A comprehensive look at how CullVue's semantic search works under the hood, from the model that powers it to tips for getting the best results.

How Semantic Search Works

Traditional photo search relies on filenames, dates, or tags you have manually applied. Semantic search is fundamentally different. It understands what is in your photos and lets you find them by describing their visual content in plain language.
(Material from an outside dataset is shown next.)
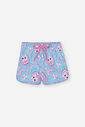 Shorts Infantil de Praia em Nylon Estampado AZUL BLUE LIGHT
The process works in three stages:

1. Embedding generation

When you add a watch folder, CullVue runs each image through a vision model to produce a compact numerical representation called an embedding. An embedding is a high-dimensional vector (a list of numbers) that captures the visual content of the photo: the objects, scenes, colors, textures, and composition. Two photos of a sunset at a beach will have embeddings that are numerically close to each other, even if the photos were taken on different cameras at different beaches.

2. Query encoding

When you type a search query such as "sunset at the beach", the same model converts your text into the same embedding space. The text embedding lands near the region of image embeddings that visually match your description.

3. Similarity matching

CullVue compares your text embedding against every image embedding in your library using cosine similarity, a mathematical measure of how close two vectors are in direction. The results are ranked by similarity score and the most relevant matches are displayed first. This entire comparison happens in milliseconds, even for libraries with tens of thousands of photos.

The MobileCLIP-S2 Model

CullVue uses MobileCLIP-S2 as its vision-language model. MobileCLIP is a family of efficient CLIP (Contrastive Language-Image Pre-training) models designed specifically for on-device inference.

What is CLIP?

CLIP is a type of model that learns to associate images and text in a shared embedding space. It was trained on a large dataset of image-text pairs so that it understands the relationship between visual content and natural language descriptions. This is what makes it possible to search for photos by typing a sentence rather than relying on keywords or filenames.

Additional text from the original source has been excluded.